The problem = Select from the records below every line that has the word "with" in it.

Task inputs =
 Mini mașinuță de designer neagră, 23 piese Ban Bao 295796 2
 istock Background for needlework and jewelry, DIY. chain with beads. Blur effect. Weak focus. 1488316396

--

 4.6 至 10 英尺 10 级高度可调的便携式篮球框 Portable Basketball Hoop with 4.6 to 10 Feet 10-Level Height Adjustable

Reply to the task =
 istock Background for needlework and jewelry, DIY. chain with beads. Blur effect. Weak focus. 1488316396
 4.6 至 10 英尺 10 级高度可调的便携式篮球框 Portable Basketball Hoop with 4.6 to 10 Feet 10-Level Height Adjustable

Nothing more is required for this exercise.